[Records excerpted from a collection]
▬▬▬▬▬▬▬▬▬▬
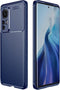 iMoshion Hoesje Geschikt voor Xiaomi 12 / 12X Hoesje Siliconen - iMoshion Carbon Softcase Backcover - Blauw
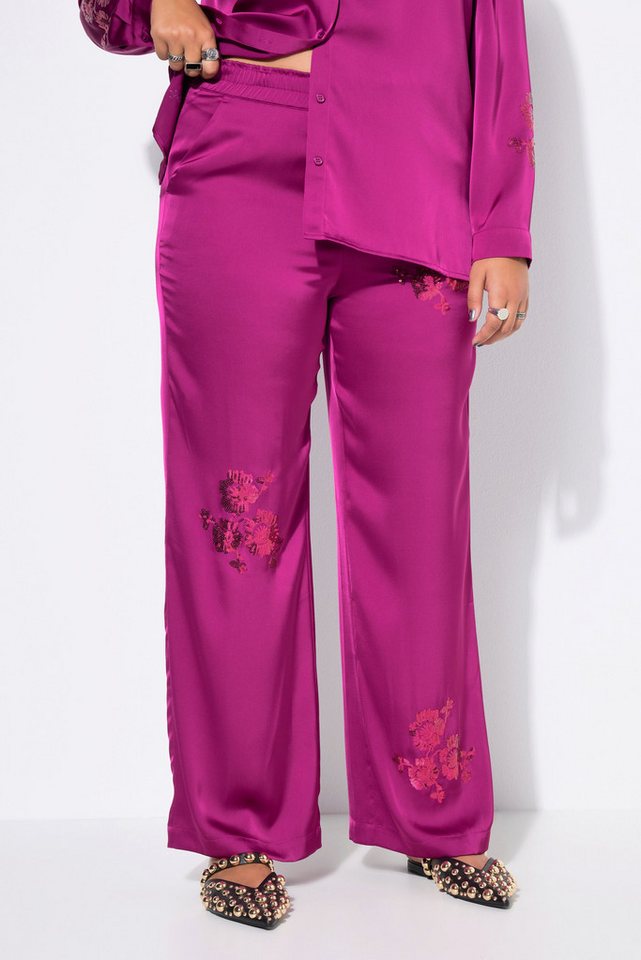 Studio Untold Schlupfhose Hose Wide Legs Pailletten von Studio Untold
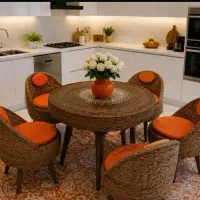 میزغذاخوری میزناهارخوری حصیری ۳۶ماه گارانتی
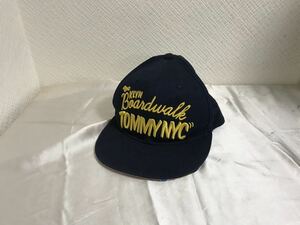 本物トミーヒルフィガーTOMMYコットンロゴ刺繍キャップキャスケット帽子レディースメンズゴルフアメカジサーフミリタリー紺ネイビー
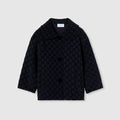 Children's GG neoprene jacket - dark blue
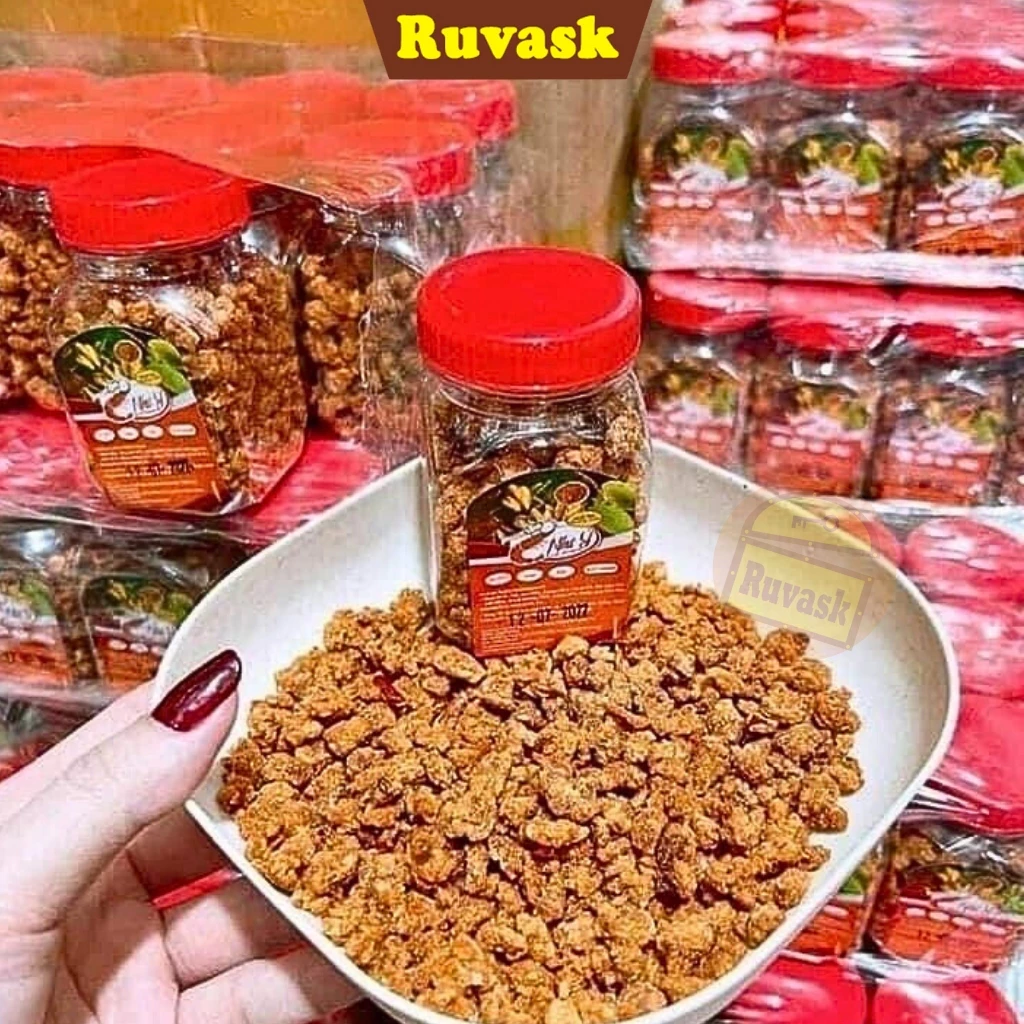 [HỦ NHỎ 60gr] Muối Như Ý Hạt To/Vừa/Nhuyễn Nguyên Con Tôm Khô - Muối Tôm Như Ý Thượng Hạng Thơm Ngon - Muối Tôm Ruvask - 4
▬▬▬▬▬▬▬▬▬▬
▶ TASK REQUIREMENTS: With the pictures left out, copy exactly the lines from the one containing "میزغذاخوری میزناهارخوری حصیری ۳۶ماه گارانتی" through the last line of the data.

▶ RESPONSE:
 میزغذاخوری میزناهارخوری حصیری ۳۶ماه گارانتی
 本物トミーヒルフィガーTOMMYコットンロゴ刺繍キャップキャスケット帽子レディースメンズゴルフアメカジサーフミリタリー紺ネイビー
 Children's GG neoprene jacket - dark blue
 [HỦ NHỎ 60gr] Muối Như Ý Hạt To/Vừa/Nhuyễn Nguyên Con Tôm Khô - Muối Tôm Như Ý Thượng Hạng Thơm Ngon - Muối Tôm Ruvask - 4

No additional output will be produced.